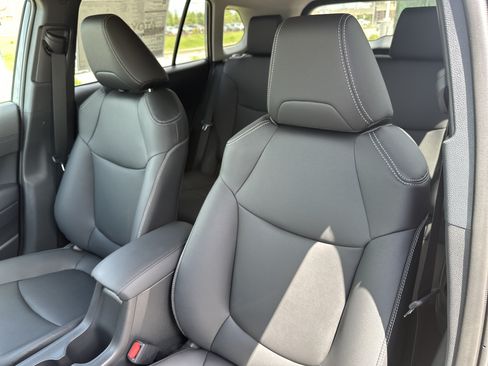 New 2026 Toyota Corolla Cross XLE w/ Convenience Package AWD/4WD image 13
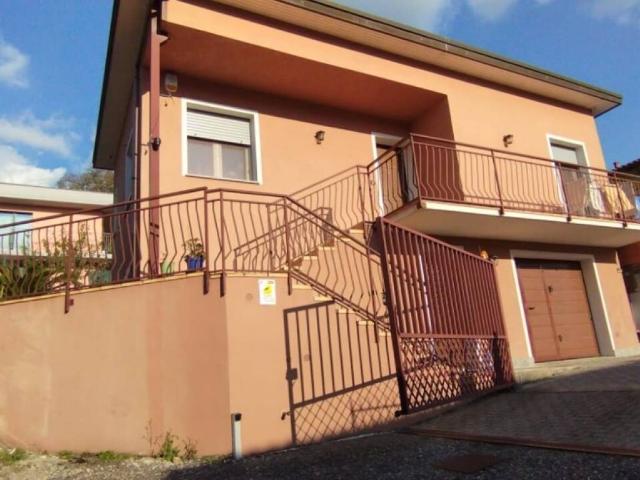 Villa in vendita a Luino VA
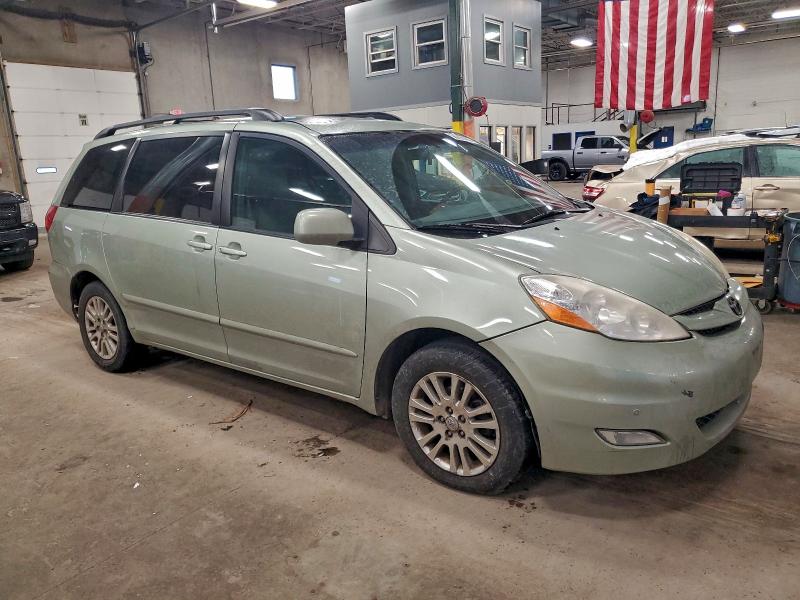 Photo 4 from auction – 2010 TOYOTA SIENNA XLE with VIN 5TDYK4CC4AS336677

--- --- ---

Copy exactly the lines from the line that holds "Villa in vendita a Luino VA" to the end of the listing, both included. Leave the pictures out.

 Villa in vendita a Luino VA
 Photo 4 from auction – 2010 TOYOTA SIENNA XLE with VIN 5TDYK4CC4AS336677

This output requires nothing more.